» WHAT THE EXERCISE ASKS:
Starting at the line containing "Azurit speciální tekutý prací prostředek" and ending at the line containing "Samsonite ESSENS négykerekű, sötét", transcribe the listing below exactly. Keep both end lines, skip the pictures, and copy nothing else.

» SUPPLIED RECORDS:
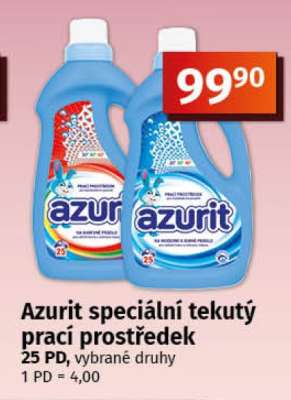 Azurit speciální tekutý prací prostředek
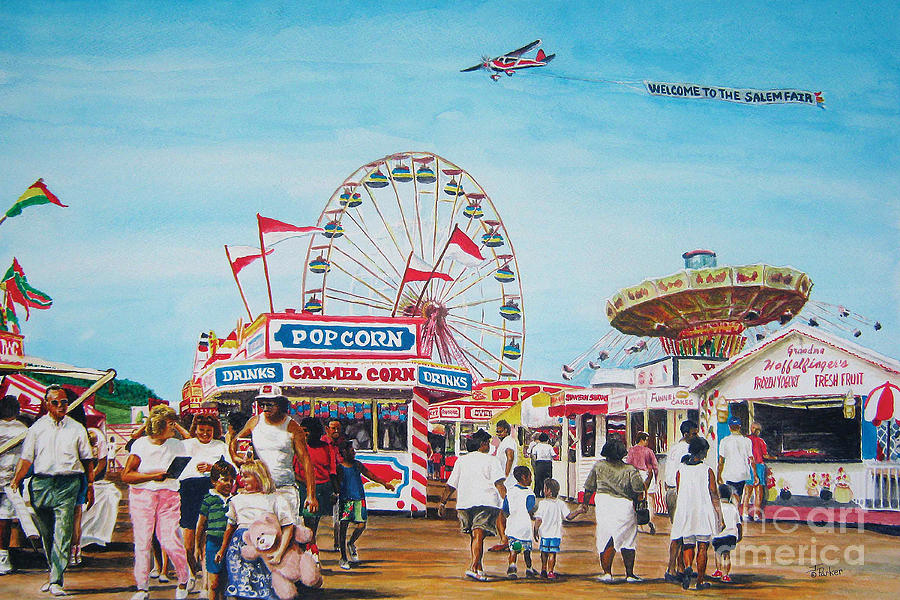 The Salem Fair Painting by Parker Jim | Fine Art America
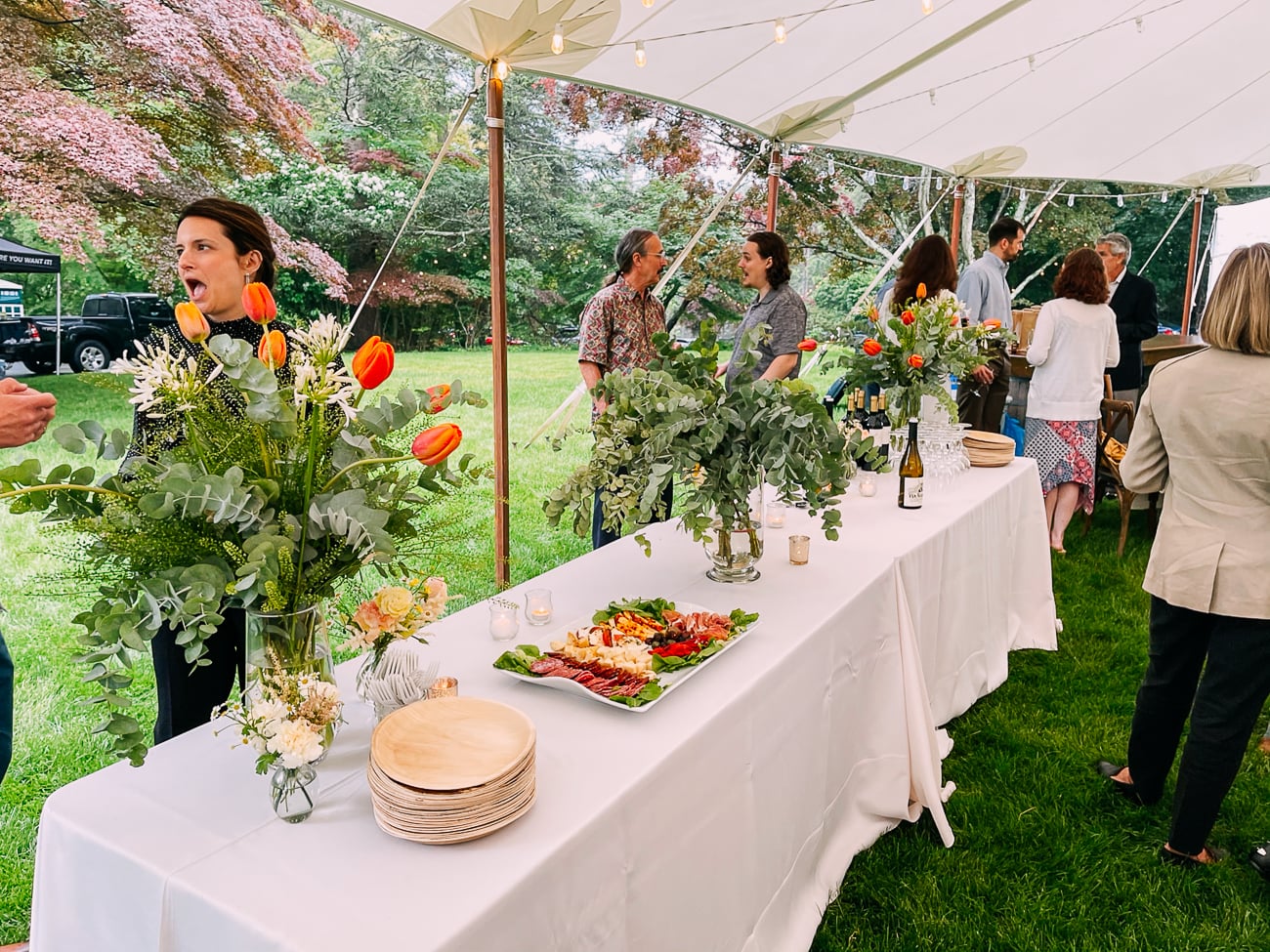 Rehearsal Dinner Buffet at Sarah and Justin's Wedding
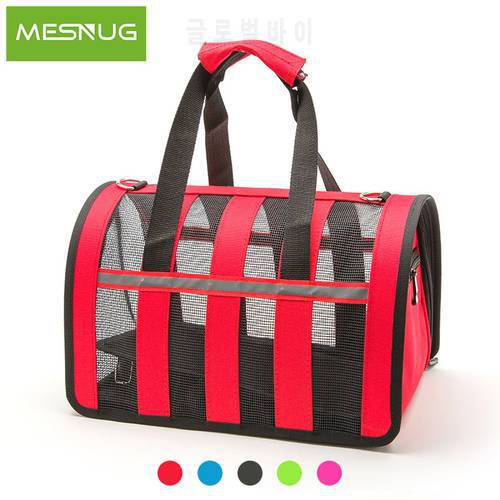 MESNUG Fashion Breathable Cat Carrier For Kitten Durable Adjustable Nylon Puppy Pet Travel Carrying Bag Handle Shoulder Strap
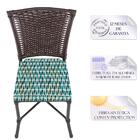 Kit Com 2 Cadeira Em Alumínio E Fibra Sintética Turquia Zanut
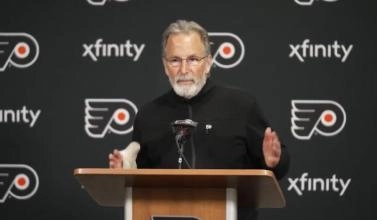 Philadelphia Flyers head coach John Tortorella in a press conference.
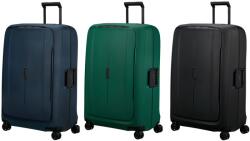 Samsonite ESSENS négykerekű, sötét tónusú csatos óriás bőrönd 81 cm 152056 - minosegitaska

---

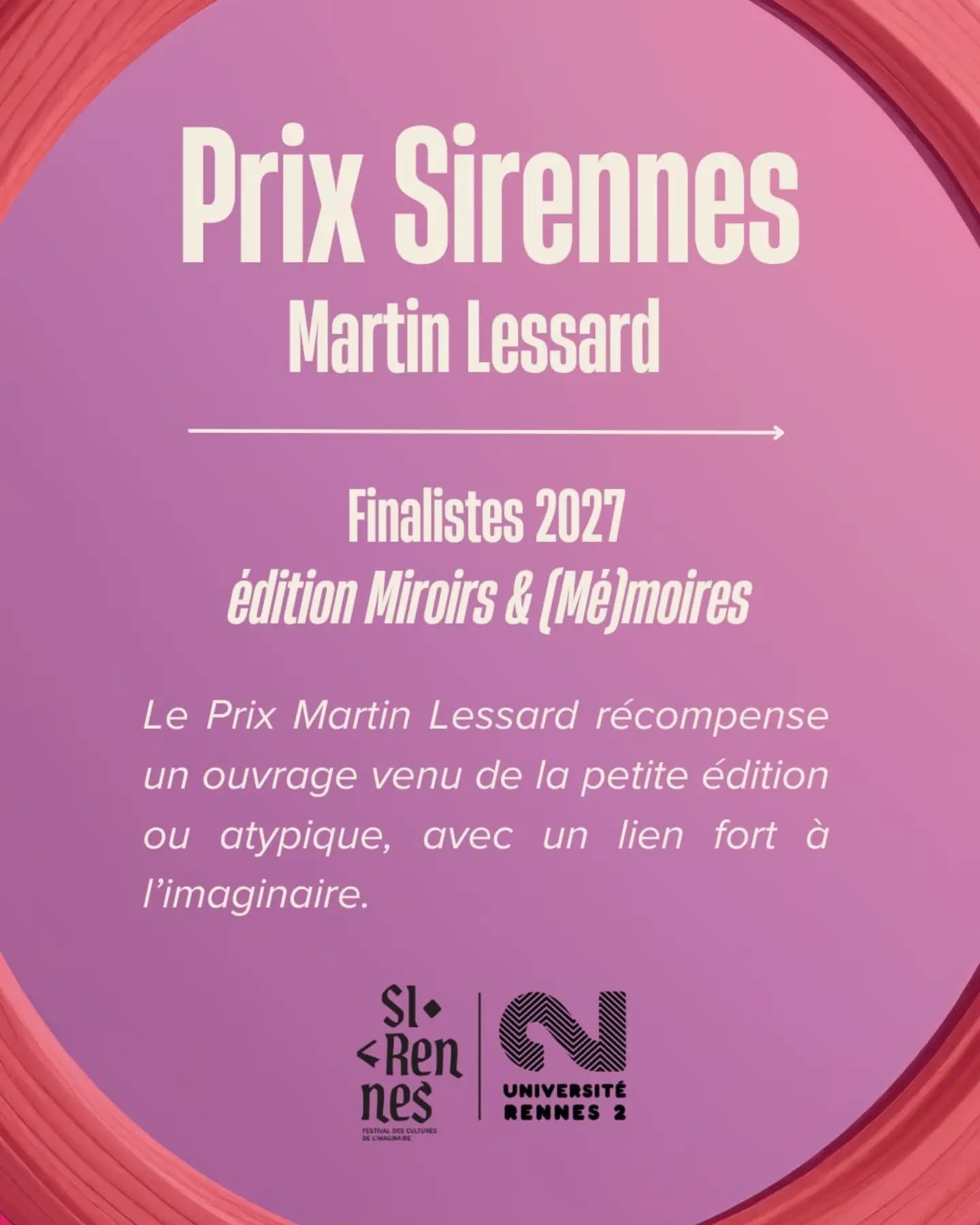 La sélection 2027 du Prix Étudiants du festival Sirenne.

==

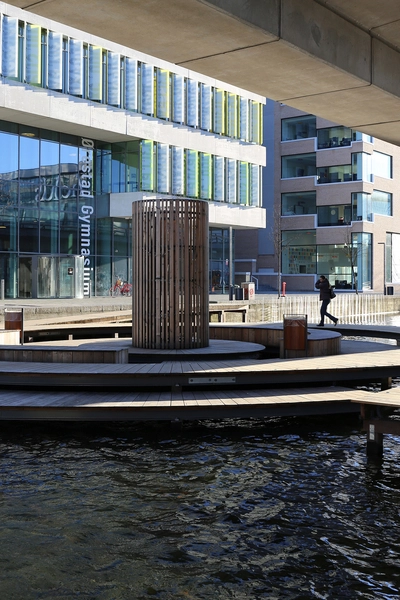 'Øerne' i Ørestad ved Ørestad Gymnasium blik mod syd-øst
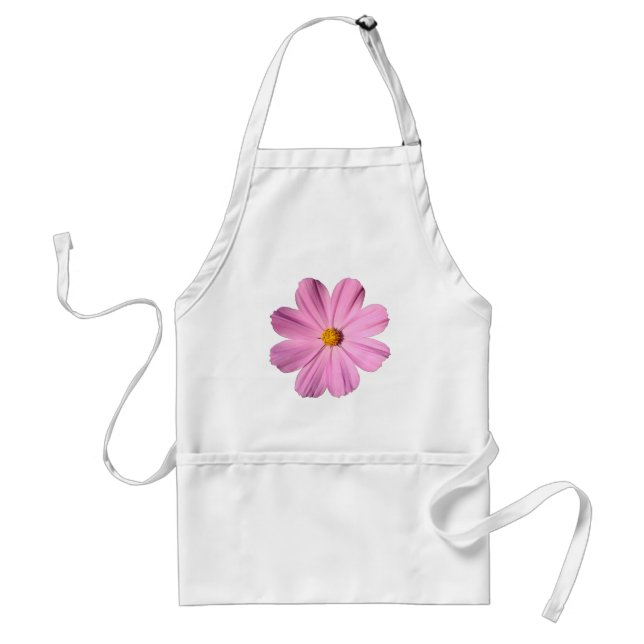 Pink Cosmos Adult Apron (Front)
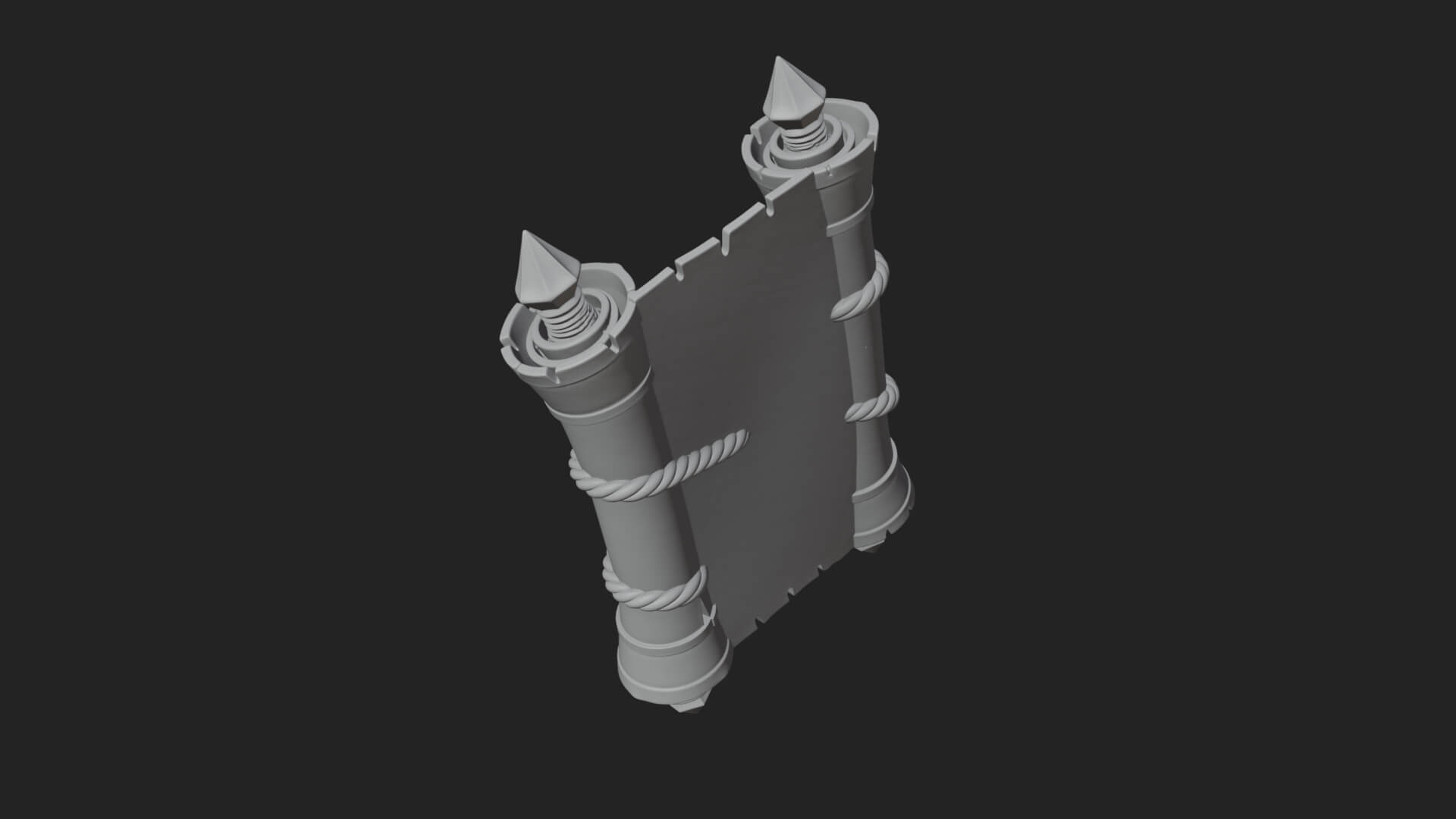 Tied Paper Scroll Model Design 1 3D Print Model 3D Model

» ANSWER BOX:
 Azurit speciální tekutý prací prostředek
 The Salem Fair Painting by Parker Jim | Fine Art America
 Rehearsal Dinner Buffet at Sarah and Justin's Wedding
 MESNUG Fashion Breathable Cat Carrier For Kitten Durable Adjustable Nylon Puppy Pet Travel Carrying Bag Handle Shoulder Strap
 Kit Com 2 Cadeira Em Alumínio E Fibra Sintética Turquia Zanut
 Philadelphia Flyers head coach John Tortorella in a press conference.
 Samsonite ESSENS négykerekű, sötét tónusú csatos óriás bőrönd 81 cm 152056 - minosegitaska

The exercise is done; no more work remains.